Exercise instructions. Nothing but the lines from the one including "Dzień Niepodległości Cupcake" through the last line of the entries, restated exactly, should appear in the answer; omit the pictures.

Data.

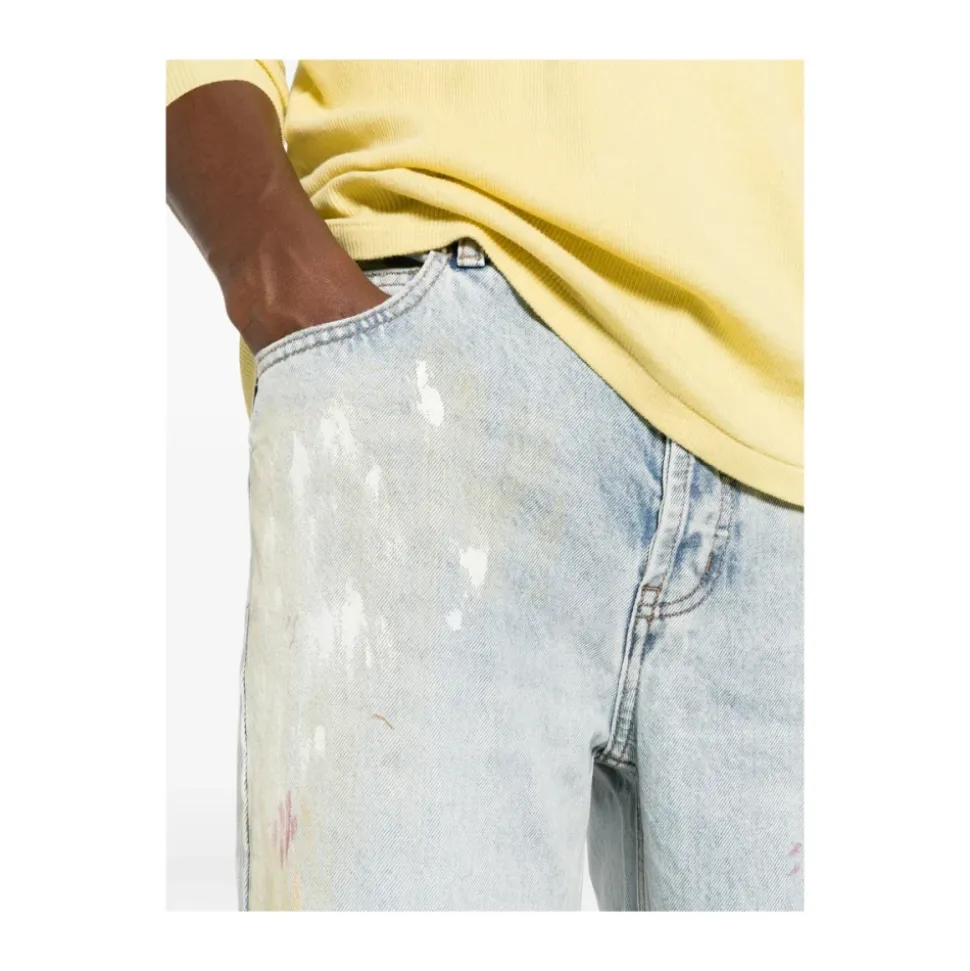 Straight Jeans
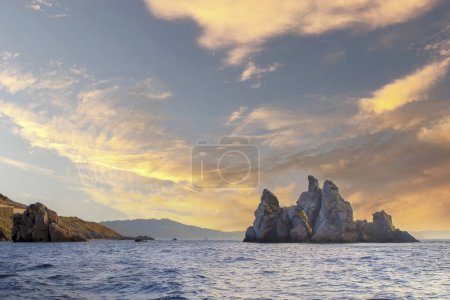 Cap des Medes bei Sonnenuntergang. Französisches Kap an der Spitze der Insel Porquerolles im Département Var.
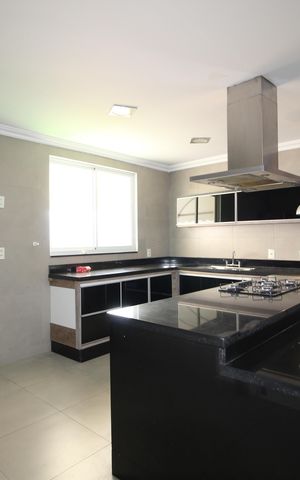 Casa de condomínio à venda com 467m², 6 quartos e 4 vagasCozinha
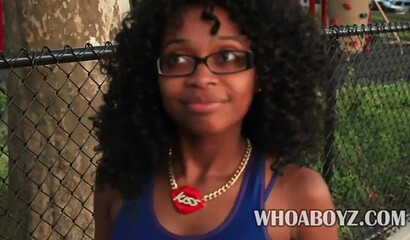 Adorable ebony with glasses and curly hair gets her twat eaten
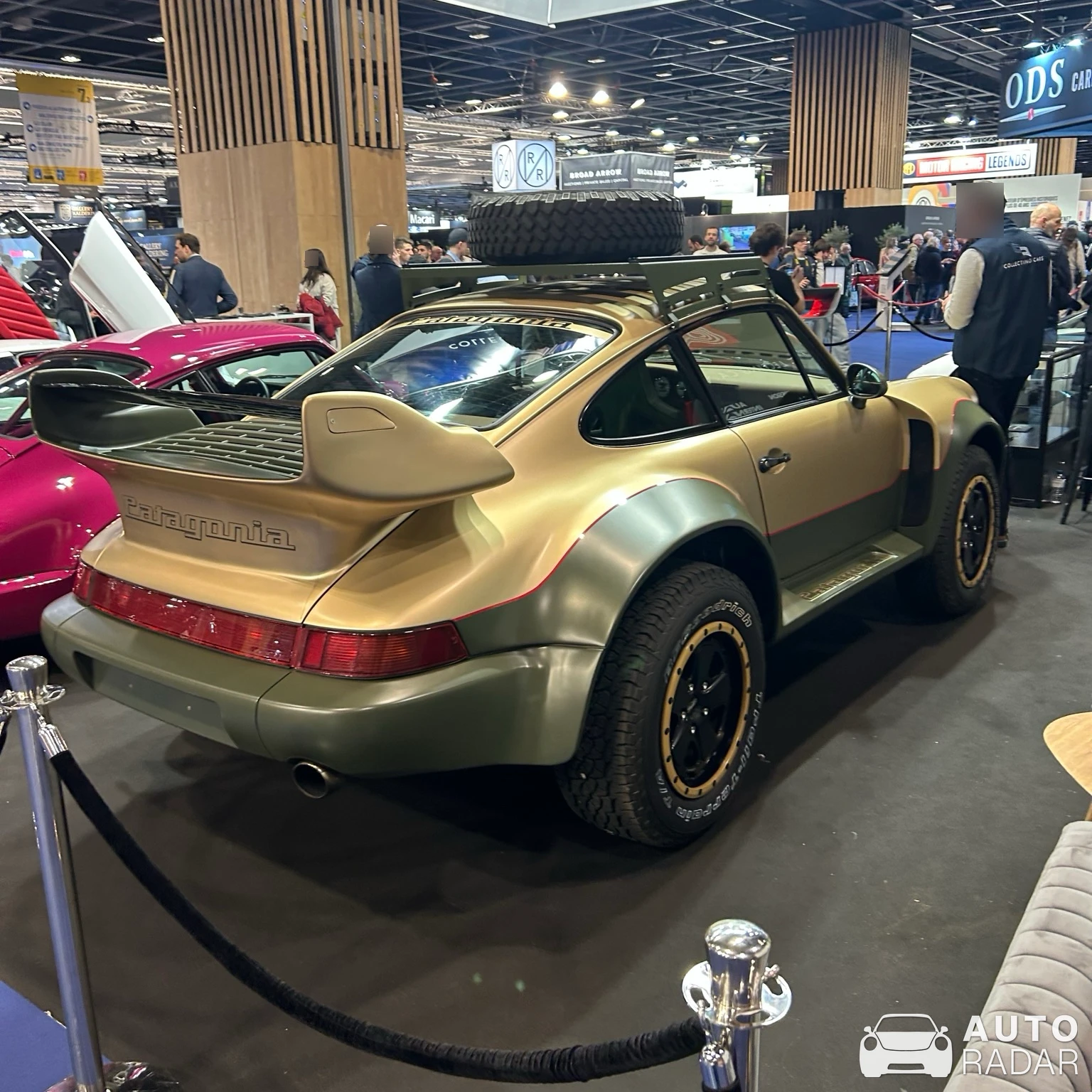 Porsche 964 Carrera RS spotted in Vanves, France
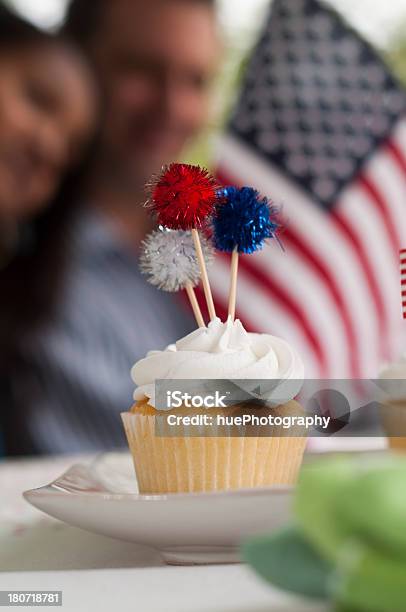 Dzień Niepodległości Cupcake - zdjęcia stockowe i więcej obrazów 4-go lipca - 4-go lipca, Amerykańska flaga, Biały
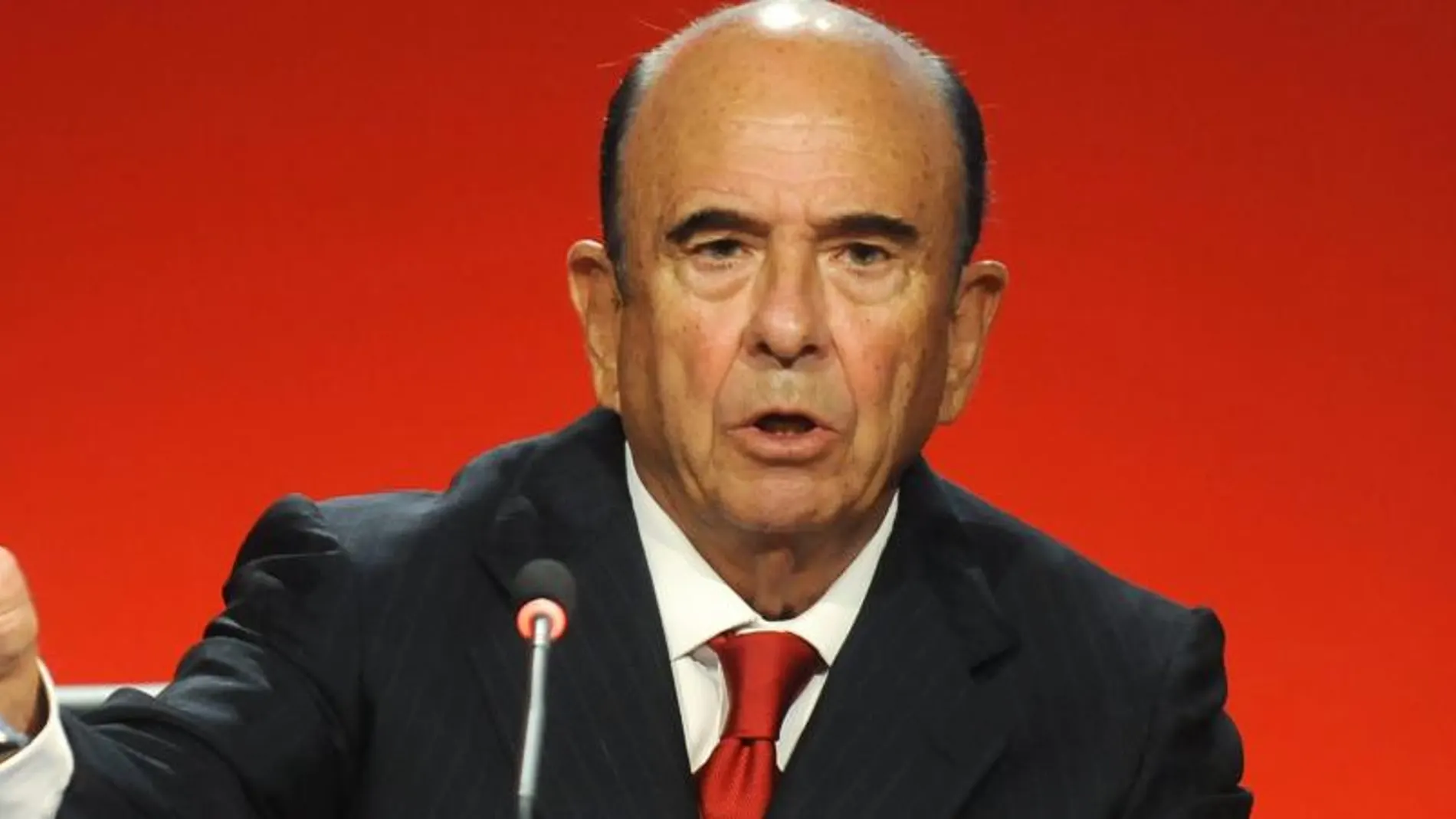 Emilio Botin ha defendido la labor del Banco de España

Response for this exercise.
 Dzień Niepodległości Cupcake - zdjęcia stockowe i więcej obrazów 4-go lipca - 4-go lipca, Amerykańska flaga, Biały
 Emilio Botin ha defendido la labor del Banco de España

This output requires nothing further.